To produce timber for sawmills, Picado (1997) recommends planting 1,000 - 1,600 trees/ha. In Costa Rica, in a high quality site, the first thinning must be performed between the third and fourth year. About 40 -50% of the total tree number has to be removed. Generally, this thinning does not yield any commercial timber, but it is necessary to eliminate competing, malformed, sick or damaged trees.

Until now, Costa Rica’s teak plantations management has been "poor and inadequate". Poor because the owners do not wish "to lose" 400 to 500 trees, that represented an investment during first three to four years, and inadequate because they don’t have enough technical knowledge. The result damages the plantation productive potential, reduces the size of the logs and limits the timber supply of better quality logs in the short term.

Martínez et al (1994) indicate that 62 % of the forest plantations of small and medium size farmers, with economic support from the State and technical direction from organizations of forest producers, showed management problems (lack of pruning and thinning).

Table 10 presents examples of estimated teak rotation, based on diameter increments values of 1.5 and 2 cm/year. For a 20 years rotation, average diameter at the final cut will be 30 - 40 cm. For a 25 years rotation, average diameter will vary between 37.5 and 50.0 cm.
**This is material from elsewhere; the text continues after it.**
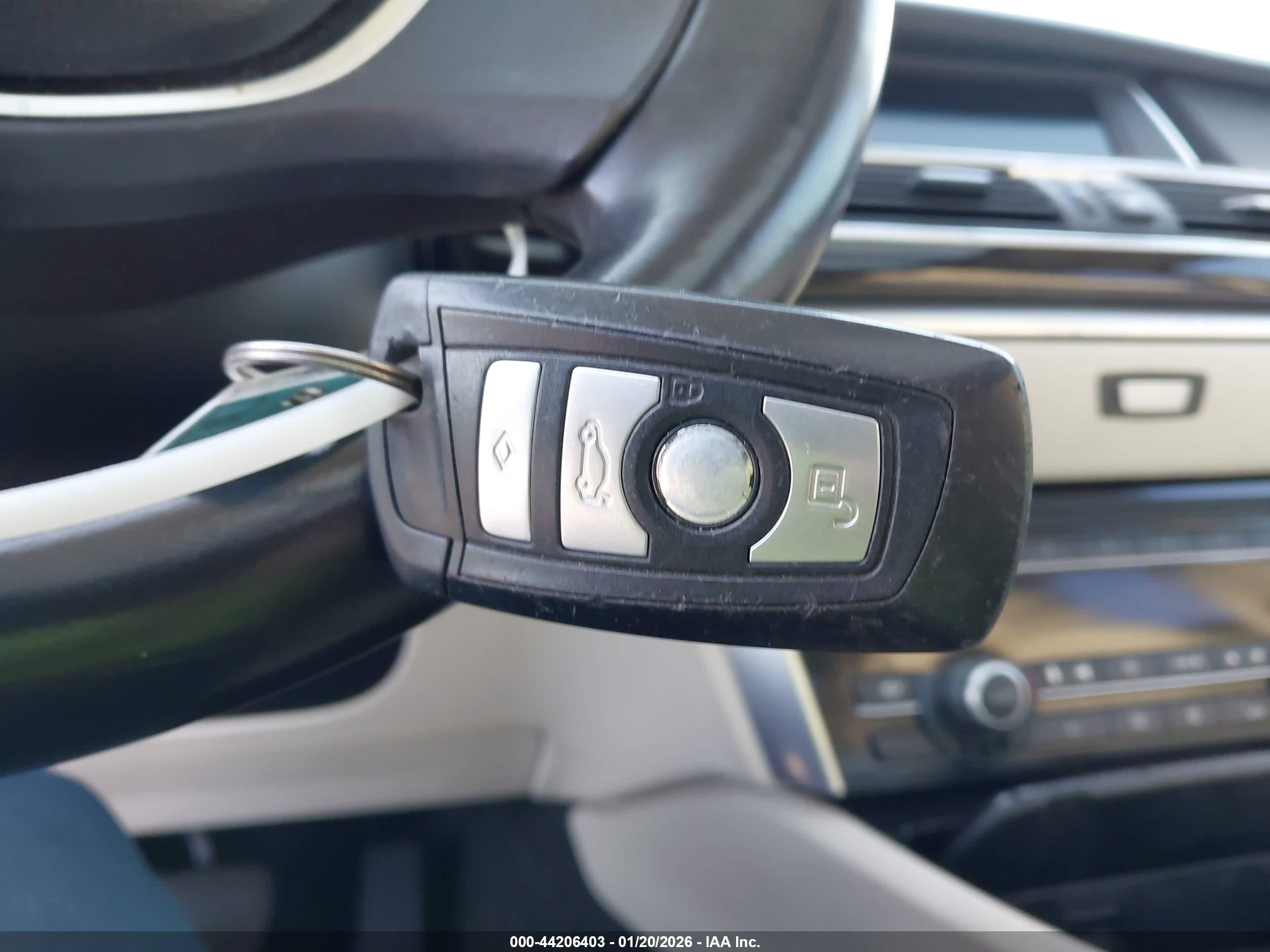 BMW 550I image 11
However, it is important to clarify that it is tantamount a good site selection and timely management to reach the maximum productive potential of the site.

When the diameter increment is equal or bigger than 2 cm/year, the convenient rotation is 20 years, with trees of an average of 40 cm (dbh). Financial analysis shows that rotations of more than 25 years presented IRRs lower than 12%.
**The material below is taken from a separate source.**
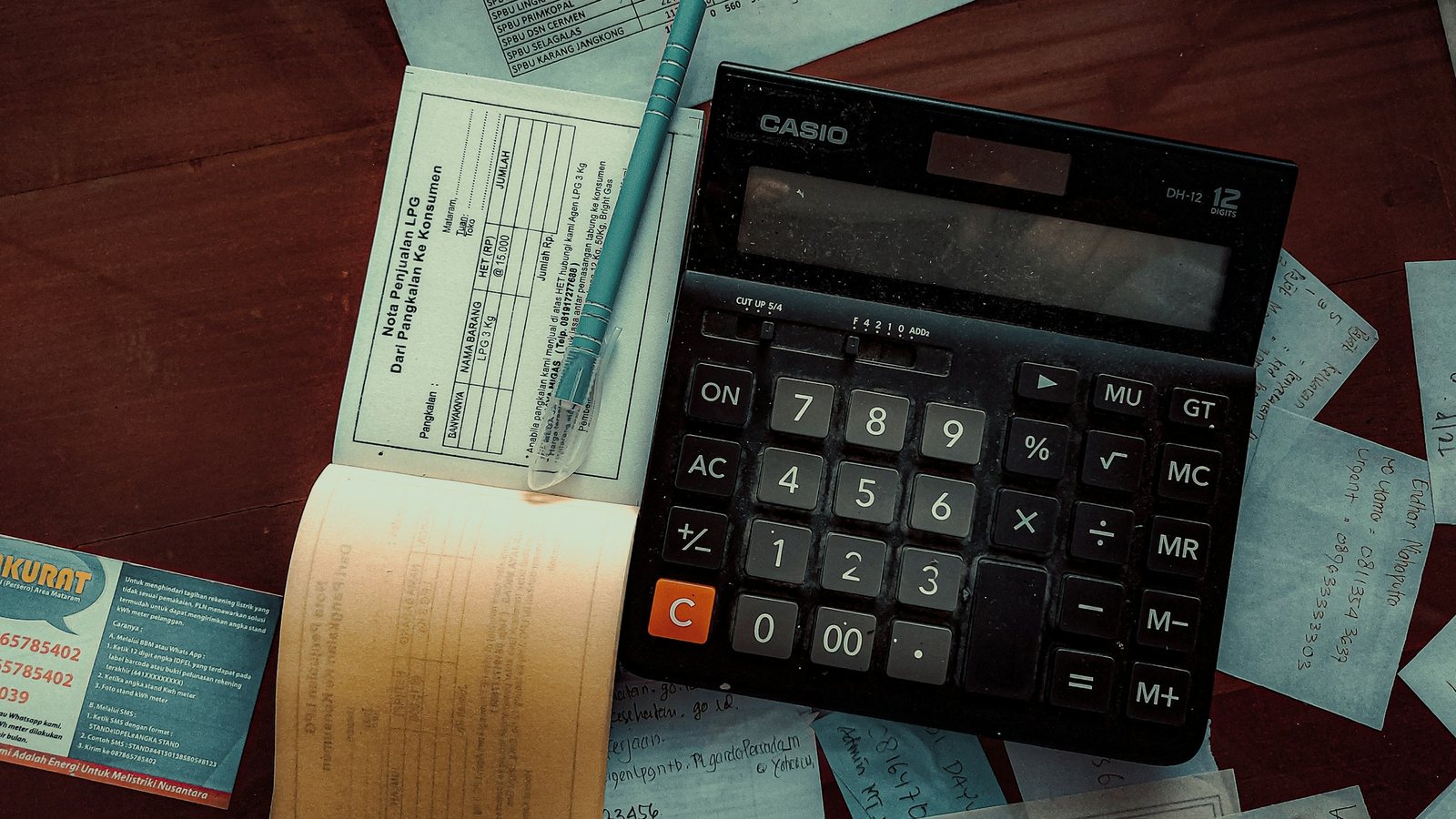 Une calculatrice posée sur une table en bois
Table 10. Estimated rotation age for teak plantations in Central America

Project	Country	Rotation (years)
Bosques de Puerto Carrillo ¹	Costa Rica	25
MACORI ²	Costa Rica	25
Flor y Fauna ³	Costa Rica	20
General ⁴	Guatemala	20
General ⁵	Panama	20
General ⁶	El Salvador	25

Source: ¹ Quirós (1998), ² Víquez (1998), ³Camacho (1998), ⁴ Becker (1998), ⁵ Morán (1998) and ⁶Zambrana (1998), June, 1998.

The University of Wageningen is developing yield tables for three productivity index in the Dry Pacific and Atlantic Zone of Costa Rica (de Vriend 1998, unpublished thesis).